The students knew him only as “John,” and he had no living family. They wanted to make sure his service to the country was honored as he was laid to rest.

“Paying homage to a veteran, to bring him to our campus, to provide the burial right he deserves, honor his legacy, and to help our boys realize that we have to stand with those that are marginalized, those that are poor, those that many in our community casts out,” said Peter Folan, president of Catholic Memorial.

Students said even though they didn’t know the man, they were grateful to honor the sacrifices he made just days after Veterans Day.

5. A North Carolina judge sentenced a Green Beret veteran to spend a night in jail. But when he remembered his own story and all he had gone through, he couldn’t just let him spend the night alone.

Judge Lou Olivera, a Gulf War veteran, is a district court judge over the Veterans Treatment Court in Cumberland County, North Carolina. He had to sentence Green Beret Joe Serna to one night in jail for a probation violation.

Serna, a recipient of three Purple Hearts, is retired from the military and was having a hard time adjusting back to life after experiencing the battle of war in Afghanistan. Through his struggles with post-traumatic stress disorder, he turned to alcohol to help him deal with the issues he was having mentally.

Olivera drove him to the jail and asked the jail administrator if he could spend the night with Serna. The administrator had never heard of such a thing. They spent the night talking about their families, lives, and the service.

6. An 81-year-old U.S. Army veteran was forced to call 911 after returning from months in the hospital to find his house devoid of food. His request?

Could the 911 operator please bring him some groceries, as his cancer treatments had left him too weak to move. “What I need is someone to get to the store and bring me some food because I have to eat something,” Fayetteville, North Carolina resident Clarence Blackmon told the 911 operator.

The woman on the other end of the line was 911 operator Marilyn Hinson, who said she was touched by the U.S. Army veteran’s desperate plight. With the help of Fayetteville police officers, Hinson delivered the food to Blackmon in person later that same day.

7. For years, an Iraq war veteran had been paying little by little to have his classic 1965 Mustang restored. He bought the car in 2005 after his first tour of duty in Iraq.

A Houston couple heard about the soldier’s quest and decided to surprise him, paying for the vehicle to be completed. A crowd gathered at the auto body shop for the big reveal, when Sgt. Kelly Foster thought he was just going to see the latest incremental changes.

Margaret and Timor Martin got together about 35 friends and everyone pitched in. “We wanted to kind of pay it forward for someone who has served this country.”

8. Dozens of family, friends and well-wishers turned out for a homecoming celebration Friday for World War II veteran Johnnie Hodges.
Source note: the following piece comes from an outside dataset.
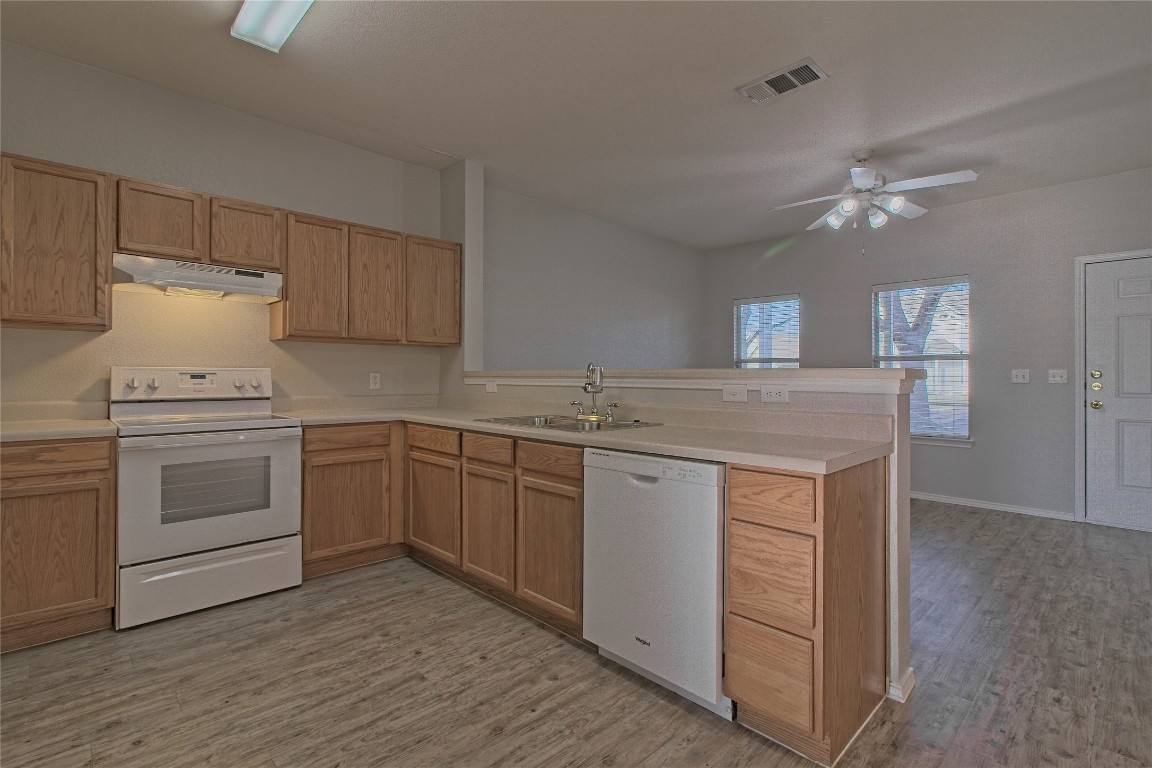 1102 East 3rd Street Georgetown, TX 78626 - Photo 12 of 36 Kitchen with white appliances, light countertops, and under cabinet range hood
After living in his Humboldt Parkway home in Buffalo more than 60 years, the 90-year-old Hodges was evicted in July after a lender foreclosed. He said he fell behind on his bills while caring for his ailing wife, who has since passed away.

Hodges refused to leave his home and had to be carried out on a stretcher. After word spread, a GoFundMe campaign launched by a stranger raised $100,000 for Hodges to get his home back.

“I want to thank everybody that helped me and helped my family,” Hodges said. “Thank God for doing everything that He did for us. He is a great God. There is nobody like Him.”